石油基金管理委員会(กบน.)は3月25日、全種類の燃料の小売価格を1リットルあたり6バーツ引き上げることを全会一致で決定した。26日午前5時から適用される。
これはディーゼルとガソリン(ベンジン・ガソホール全種)の両方が対象だ。ガソホール95は現行の35.05バーツから約41バーツに、ディーゼルも同様に6バーツ上昇する。1回の値上げ幅としては過去最大級だ。
値上げの背景には石油基金の財政破綻がある。基金は国際原油価格と国内小売価格の差額を補填してきたが、原油100ドル超えの長期化で1日あたり25億バーツ(約105億円)の赤字を垂れ流していた。もはや補填を続ける財源がなく、価格を市場に連動させざるを得なくなった。
6バーツの値上げは市民生活に甚大な影響を与える。バイク通勤者の月額燃料費は数百バーツ単位で増加し、物流コストの上昇は食品や日用品の価格に波及する。ファストフードの10%値上げやバイクタクシーの30%運賃上昇が予想される中、さらなる物価上昇圧力が加わる。

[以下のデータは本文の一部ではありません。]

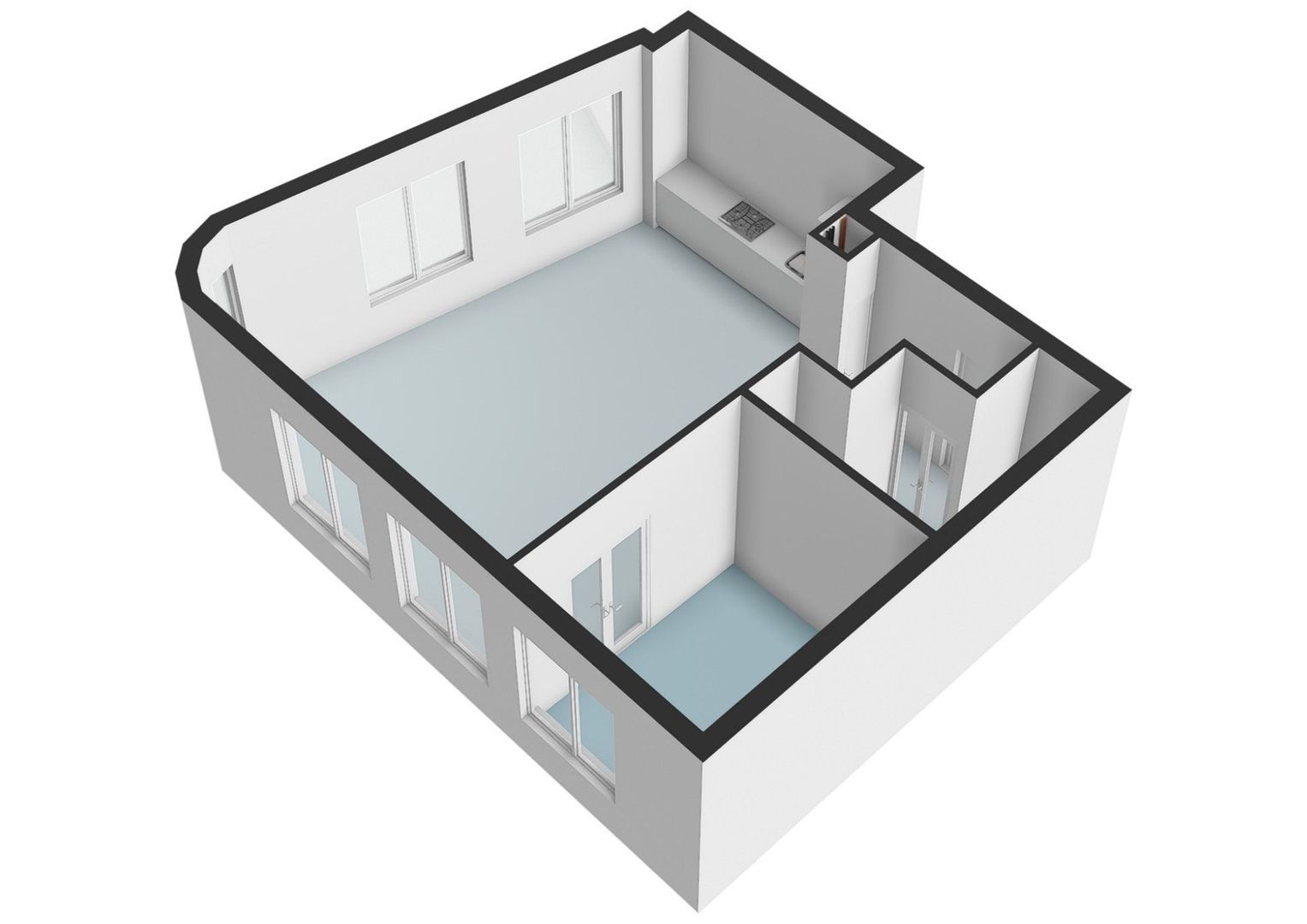 Warmoesstraat 64 1, Amsterdam plattegrond-1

ソンクラン(タイ正月)連休まで3週間を切ったタイミングでの大幅値上げは、帰省の交通費を直撃する。アヌティン首相が「ソンクラン中に燃料は確保する」と約束したばかりだが、価格が大幅に上がった状態での帰省は家計に重い負担となる。
在タイ日本人にとっても影響は大きい。自家用車の給油費、タクシー・Grabの運賃、電気代、食費のすべてに波及する値上げだ。今後の生活コストの見直しが必要になる。